Uma linguagem de amor

Um dos mitos sobre o autismo é em relação a empatia das pessoas no espectro. De autoria da banda Timeout, compostas por autistas do Distrito Federal, o trecho da música Love In The Heart, destaca justamente o contrário: “amor é algo que eu sinto, amor é algo que eu toco com a minha banda”. A Timeout surgiu em 2017 é composta por atípicos nível 2 de suporte. Paolo Rietveld, um dos coordenadores do projeto, conta que a iniciativa surgiu para que os pacientes atendidos saíssem do ambiente terapêutico e vivessem uma experiência nova. “A banda também é coordenada por Carolina Passos, João Guilherme e Bruno Formiga, que já trabalham no atendimento de autistas. Nossa ideia inclusive é ampliar o projeto e levar os meninos para tocarem em novos lugares”, detalha.

Atualmente, a Timeout tem quatro membros: Ivan Madeira, João Gabriel Mello, Thiago Carneiro e Matheus Winkler. O diferencial, segundo Paolo, é a naturalidade das apresentações dos integrantes. “Tem toda uma beleza, os meninos vão sentindo a música. É tudo muito legítimo. A Timeout traz esse contexto de poder ser natural. Porque quem está dentro do espectro fica muito tempo tentando disfarçar as características para ser aceito na sociedade sem ser discriminado. Quando os meninos sobem no palco, a gente tem essa aceitação, de naturalizar o espectro”, destaca.

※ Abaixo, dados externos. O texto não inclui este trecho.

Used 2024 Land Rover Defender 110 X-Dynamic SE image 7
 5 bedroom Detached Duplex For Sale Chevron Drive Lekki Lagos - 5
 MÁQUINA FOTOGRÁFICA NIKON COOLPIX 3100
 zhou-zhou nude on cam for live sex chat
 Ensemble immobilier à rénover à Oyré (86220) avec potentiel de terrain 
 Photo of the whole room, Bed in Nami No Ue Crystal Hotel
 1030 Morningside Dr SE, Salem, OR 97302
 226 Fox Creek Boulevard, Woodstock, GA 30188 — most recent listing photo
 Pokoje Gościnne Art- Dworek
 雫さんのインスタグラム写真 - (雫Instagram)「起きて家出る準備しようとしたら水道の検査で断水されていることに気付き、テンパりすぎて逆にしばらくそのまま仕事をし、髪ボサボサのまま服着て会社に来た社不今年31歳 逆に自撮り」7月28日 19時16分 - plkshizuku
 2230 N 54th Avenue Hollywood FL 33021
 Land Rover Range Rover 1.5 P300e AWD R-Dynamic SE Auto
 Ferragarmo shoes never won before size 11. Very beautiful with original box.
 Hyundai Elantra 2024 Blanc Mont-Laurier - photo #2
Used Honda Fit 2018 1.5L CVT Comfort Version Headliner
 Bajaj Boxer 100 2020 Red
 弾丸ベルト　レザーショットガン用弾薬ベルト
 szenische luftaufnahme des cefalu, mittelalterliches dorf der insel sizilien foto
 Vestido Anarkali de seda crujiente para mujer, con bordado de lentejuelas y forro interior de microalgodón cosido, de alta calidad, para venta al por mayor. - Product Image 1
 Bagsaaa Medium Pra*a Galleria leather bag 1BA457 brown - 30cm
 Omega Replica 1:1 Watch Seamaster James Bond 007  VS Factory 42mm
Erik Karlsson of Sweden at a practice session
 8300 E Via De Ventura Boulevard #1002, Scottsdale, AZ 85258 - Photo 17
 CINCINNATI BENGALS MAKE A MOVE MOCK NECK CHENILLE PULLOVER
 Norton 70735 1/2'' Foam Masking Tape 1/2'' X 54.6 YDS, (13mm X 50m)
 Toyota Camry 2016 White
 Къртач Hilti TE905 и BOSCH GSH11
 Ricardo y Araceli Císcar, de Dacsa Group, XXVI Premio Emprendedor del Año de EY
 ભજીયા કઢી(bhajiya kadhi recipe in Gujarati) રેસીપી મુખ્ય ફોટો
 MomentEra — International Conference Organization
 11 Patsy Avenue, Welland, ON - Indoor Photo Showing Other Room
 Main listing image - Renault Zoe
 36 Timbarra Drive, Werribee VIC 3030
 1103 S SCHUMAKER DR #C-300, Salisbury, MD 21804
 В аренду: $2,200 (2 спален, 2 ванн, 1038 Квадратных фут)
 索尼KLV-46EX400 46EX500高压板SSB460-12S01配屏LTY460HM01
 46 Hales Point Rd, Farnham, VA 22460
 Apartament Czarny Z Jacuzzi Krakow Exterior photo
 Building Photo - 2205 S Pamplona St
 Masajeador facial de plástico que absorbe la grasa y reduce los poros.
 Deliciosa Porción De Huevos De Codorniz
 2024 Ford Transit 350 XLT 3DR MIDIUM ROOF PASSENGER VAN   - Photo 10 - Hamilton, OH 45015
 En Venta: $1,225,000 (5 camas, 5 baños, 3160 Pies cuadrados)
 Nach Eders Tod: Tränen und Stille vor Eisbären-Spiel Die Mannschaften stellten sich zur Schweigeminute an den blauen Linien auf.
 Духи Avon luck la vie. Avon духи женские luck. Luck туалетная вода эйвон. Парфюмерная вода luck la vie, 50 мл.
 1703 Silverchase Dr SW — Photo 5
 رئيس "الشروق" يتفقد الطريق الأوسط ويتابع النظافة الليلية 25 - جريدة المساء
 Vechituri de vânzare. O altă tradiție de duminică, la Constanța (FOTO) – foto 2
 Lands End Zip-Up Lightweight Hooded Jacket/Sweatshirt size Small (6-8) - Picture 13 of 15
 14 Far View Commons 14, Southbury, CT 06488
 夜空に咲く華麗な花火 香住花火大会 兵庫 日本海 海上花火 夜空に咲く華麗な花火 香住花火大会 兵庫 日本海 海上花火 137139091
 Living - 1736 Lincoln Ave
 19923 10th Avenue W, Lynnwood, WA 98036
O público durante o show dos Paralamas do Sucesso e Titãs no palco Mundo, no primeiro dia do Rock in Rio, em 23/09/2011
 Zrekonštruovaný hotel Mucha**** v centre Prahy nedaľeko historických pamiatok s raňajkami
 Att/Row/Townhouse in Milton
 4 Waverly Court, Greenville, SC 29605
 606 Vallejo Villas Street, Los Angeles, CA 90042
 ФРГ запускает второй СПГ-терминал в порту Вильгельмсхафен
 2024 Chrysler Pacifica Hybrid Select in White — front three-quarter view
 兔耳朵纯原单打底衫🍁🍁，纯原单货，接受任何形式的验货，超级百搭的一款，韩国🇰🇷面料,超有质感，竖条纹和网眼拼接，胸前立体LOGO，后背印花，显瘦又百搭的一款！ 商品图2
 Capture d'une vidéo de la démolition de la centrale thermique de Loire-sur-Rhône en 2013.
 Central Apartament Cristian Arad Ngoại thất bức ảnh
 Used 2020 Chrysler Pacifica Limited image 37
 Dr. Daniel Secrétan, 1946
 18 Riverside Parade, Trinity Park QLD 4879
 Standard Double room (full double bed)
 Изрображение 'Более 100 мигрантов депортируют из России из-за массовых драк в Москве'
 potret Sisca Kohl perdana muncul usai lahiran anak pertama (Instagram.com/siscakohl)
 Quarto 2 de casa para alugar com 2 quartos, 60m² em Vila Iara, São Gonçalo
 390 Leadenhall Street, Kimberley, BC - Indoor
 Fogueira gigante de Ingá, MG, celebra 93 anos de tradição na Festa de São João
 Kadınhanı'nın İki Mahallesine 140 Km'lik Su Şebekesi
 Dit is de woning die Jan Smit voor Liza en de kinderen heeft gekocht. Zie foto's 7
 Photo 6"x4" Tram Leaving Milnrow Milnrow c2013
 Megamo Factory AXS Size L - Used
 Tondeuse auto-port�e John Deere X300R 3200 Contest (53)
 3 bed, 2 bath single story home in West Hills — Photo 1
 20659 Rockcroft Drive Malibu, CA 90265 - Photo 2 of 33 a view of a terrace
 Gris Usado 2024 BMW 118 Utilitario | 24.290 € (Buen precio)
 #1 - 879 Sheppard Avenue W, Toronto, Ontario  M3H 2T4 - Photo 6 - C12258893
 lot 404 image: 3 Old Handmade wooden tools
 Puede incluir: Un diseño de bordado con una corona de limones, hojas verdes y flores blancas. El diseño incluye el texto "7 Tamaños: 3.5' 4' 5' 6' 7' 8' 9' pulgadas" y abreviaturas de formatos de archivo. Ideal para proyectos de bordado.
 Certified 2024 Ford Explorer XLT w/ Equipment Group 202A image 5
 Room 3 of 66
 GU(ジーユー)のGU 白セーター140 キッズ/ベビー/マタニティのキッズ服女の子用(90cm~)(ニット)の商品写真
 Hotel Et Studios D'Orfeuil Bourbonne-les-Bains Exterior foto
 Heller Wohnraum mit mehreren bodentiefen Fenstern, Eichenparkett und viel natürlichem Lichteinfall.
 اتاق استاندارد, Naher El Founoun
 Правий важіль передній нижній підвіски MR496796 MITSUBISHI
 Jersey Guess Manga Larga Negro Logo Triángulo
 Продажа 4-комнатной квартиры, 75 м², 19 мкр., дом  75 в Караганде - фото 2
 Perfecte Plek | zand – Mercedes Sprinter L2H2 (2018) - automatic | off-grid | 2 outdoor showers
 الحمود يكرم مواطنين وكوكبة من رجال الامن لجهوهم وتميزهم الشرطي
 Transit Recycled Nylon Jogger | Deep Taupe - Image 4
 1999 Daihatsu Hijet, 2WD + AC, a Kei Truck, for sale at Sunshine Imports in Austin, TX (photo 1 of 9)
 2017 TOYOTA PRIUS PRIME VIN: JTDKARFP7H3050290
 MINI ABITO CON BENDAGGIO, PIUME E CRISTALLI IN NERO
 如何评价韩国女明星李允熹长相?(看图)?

Para a mãe de João Gabriel, o vocalista da banda, participar da Timeout mudou a vida do filho. “Antes ele não tinha amigos, não era chamado para nenhuma festa da escola, era muito isolado. Agora isso mudou e ele tem os encontros com os amigos da banda, foi um marco fantástico”, afirma Flávia Lopes, 48, administradora e moradora da Asa Sul. Flávia diz para as mães que estão recebendo um diagnóstico dos filhos, “confiarem”. “Sei que é assustador, mas tudo se ajeita e é melhor do que a gente imagina. Encontramos um equilíbrio e essa jornada é muito bonita. Esse processo de autoconhecimento, depois do diagnóstico do João, me transformou”, confessa.

Banda Timeout formada por autistas no Distrito Federal em 2017
Banda Timeout formada por autistas no Distrito Federal em 2017 (foto: Arquivo Pessoal)


Vitórias diárias

Edilson Barbosa, diretor jurídico do Movimento Orgulho Autista Brasil (Moab), destaca que é necessário uma mudança na sociedade: “quando uma mãe tiver um menino no chão, em crise, ou um adolescente em crise, entender que não é porque ele foi malcriado, ou os pais não põe limites, mas que aquilo é uma crise real. Além disso, precisamos imediatamente de políticas públicas, porque a sociedade precisa de terapias, medicamentos e de um centro de referências que atenda os autistas para que tenham qualidade de vida”, opina.

Apesar do desafio e preconceito enfrentado na sociedade, Anderson Marques, 31, fotógrafo e pai de duas crianças autistas, defende a importância de se atentar aos pequenos momentos de conquista. “A Luísa tem 4 anos, e o Dylan tem 2 anos, e eles não falam. E hoje sabemos a importância de comemorar cada conquista, porque muitas vezes a gente vê eles sofrendo com crises de ansiedade. Um episódio que marcou minha esposa e eu foi uma vez que conversámos na sala e minha esposa estava muito triste, a gente falava que talvez nunca fossemos ouvir nossos filhos falarem. Então a Luísa chegou e deu um abraço e um beijo, e isso causou muita emoção. Ela (Luísa) mostrou um amor muito grande nesse momento. Tem uma frase muito bonita que diz isso, que o autismo prova que o amor não precisa de palavras”, finaliza.